### Instructions to follow
Write out the whole listing below exactly, skipping each picture.

### Data
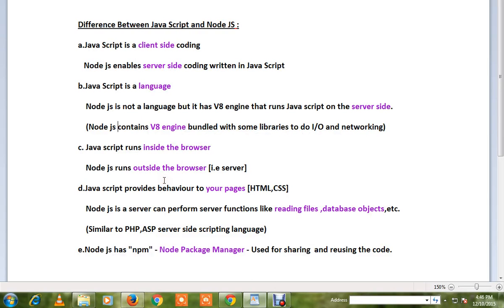Hi friends, in this video I'm going to talk about the difference between JavaScript and Node.js. JavaScript is client-side coding, whereas Node.js enables server-side coding written in JavaScript.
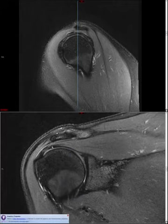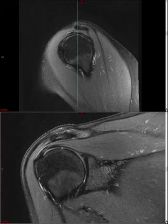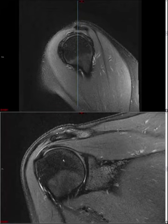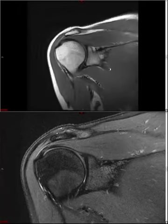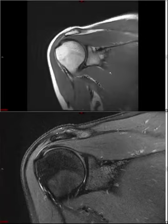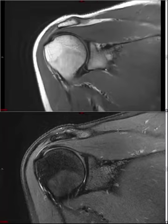You can give an approximate measurement of retraction, or be descriptive — saying retraction to the top of the humeral head, to the glenoid, or proximal to the glenoid. In the setting of a full thickness cuff tear, you should also try to ascertain how much fatty atrophy is present in the respective muscle belly, as this gives some indication of the chronicity of the tear.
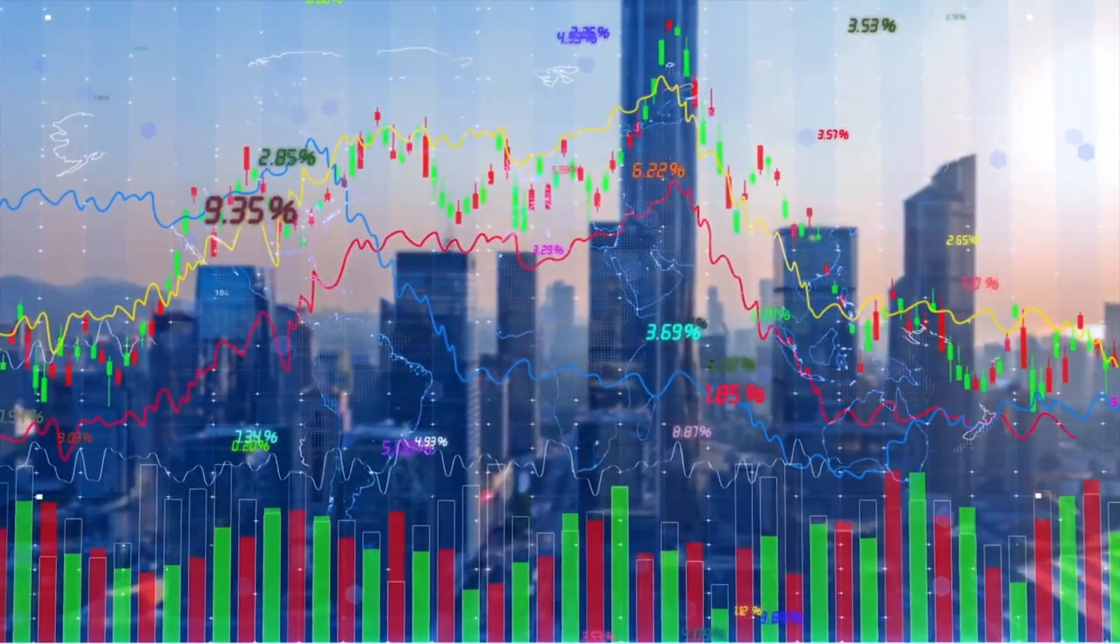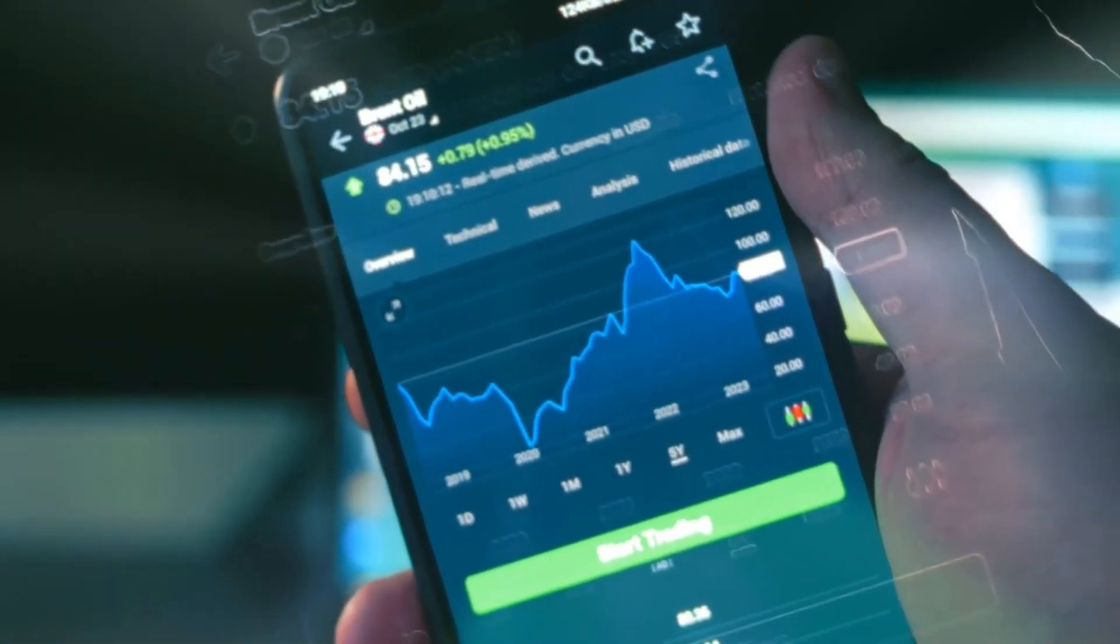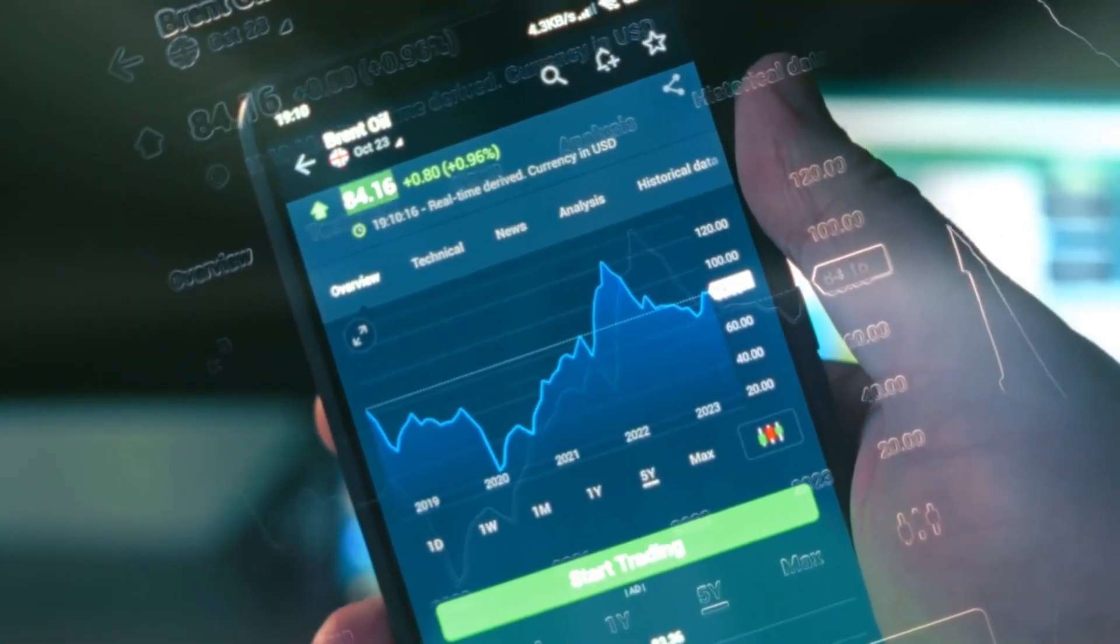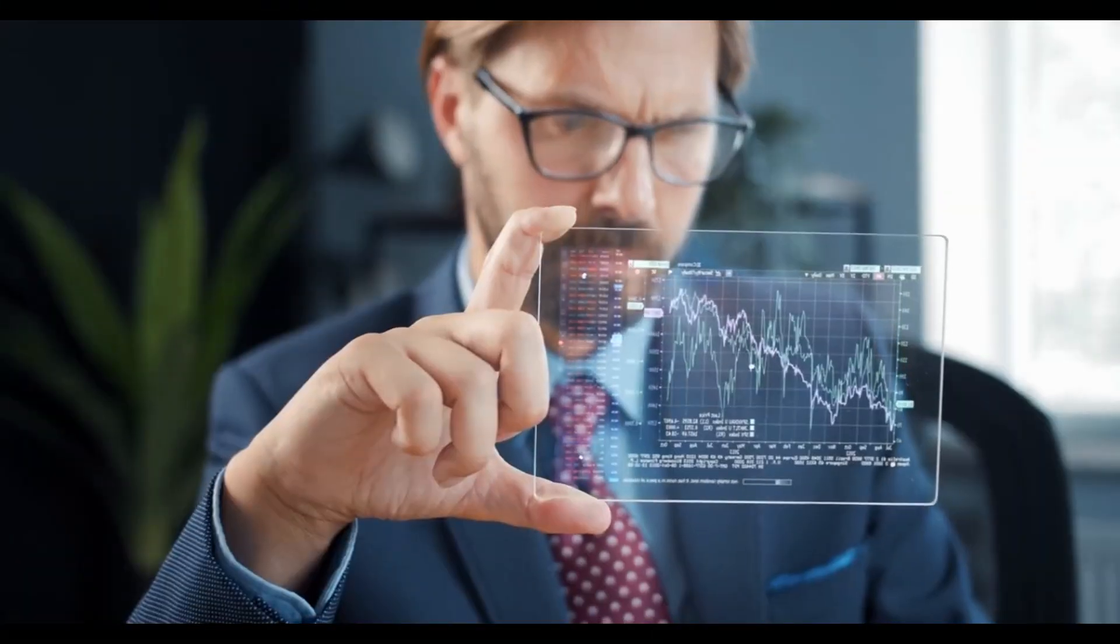Have you ever stopped to think about how much of our daily lives are dependent on technology? From smartphones to laptops, from smart home devices to cars, technology is everywhere.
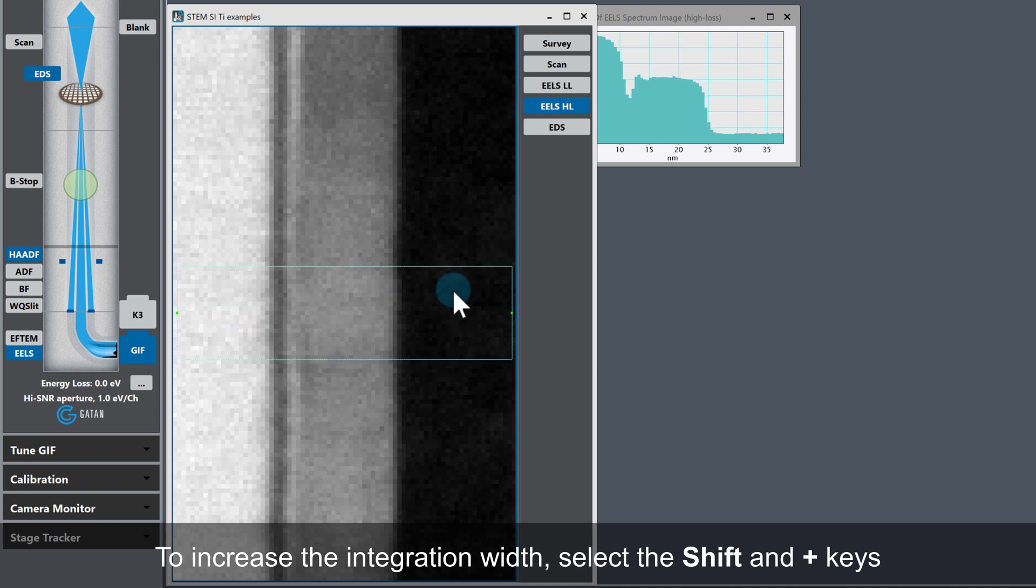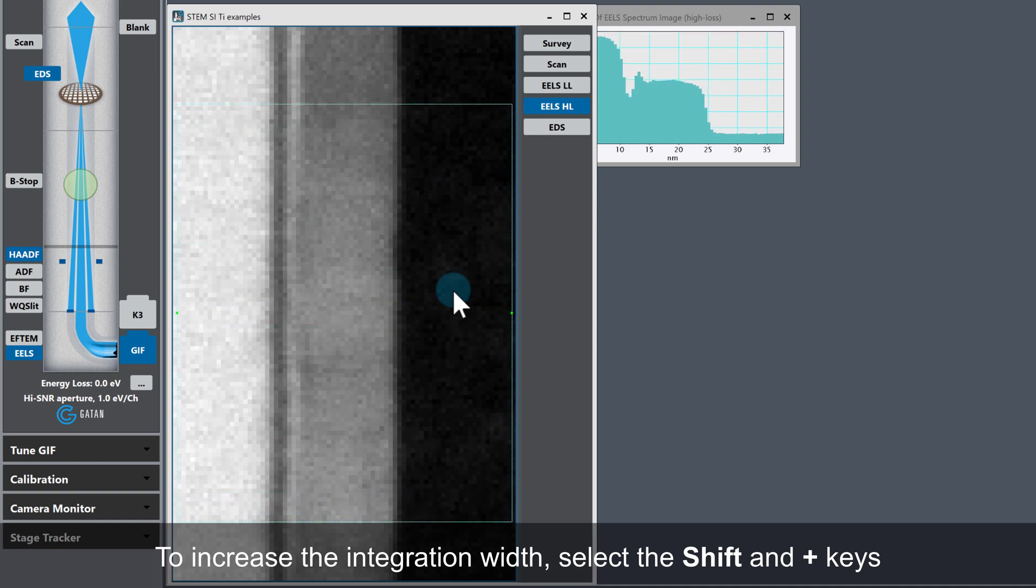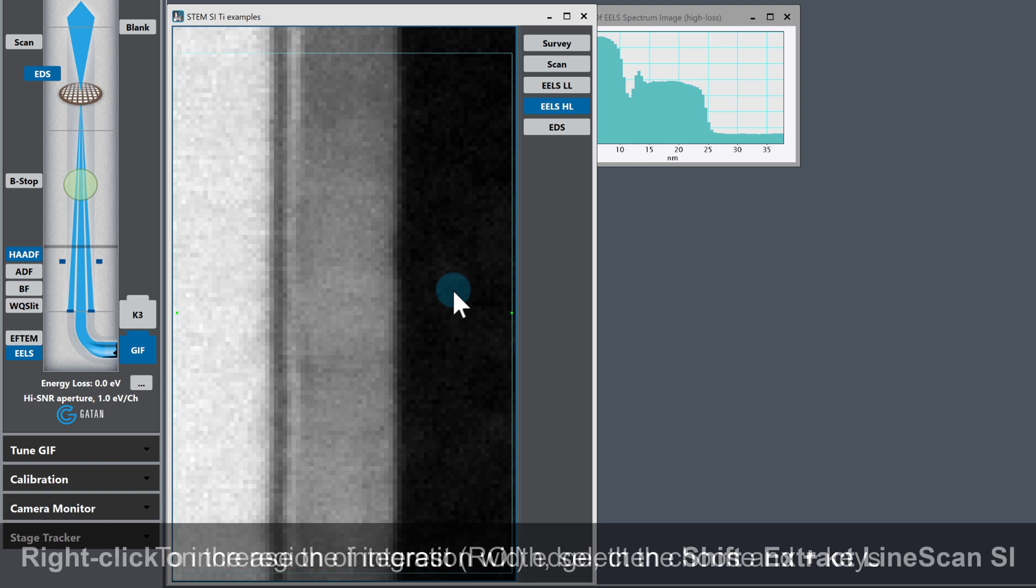You can see the line is placed approximately in the center of the spectrum image.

### Solution below
Hi friends, in this video I'm going to talk about the difference between JavaScript and Node.js. JavaScript is client-side coding, whereas Node.js enables server-side coding written in JavaScript.
You can give an approximate measurement of retraction, or be descriptive — saying retraction to the top of the humeral head, to the glenoid, or proximal to the glenoid. In the setting of a full thickness cuff tear, you should also try to ascertain how much fatty atrophy is present in the respective muscle belly, as this gives some indication of the chronicity of the tear.
Have you ever stopped to think about how much of our daily lives are dependent on technology? From smartphones to laptops, from smart home devices to cars, technology is everywhere.
You can see the line is placed approximately in the center of the spectrum image.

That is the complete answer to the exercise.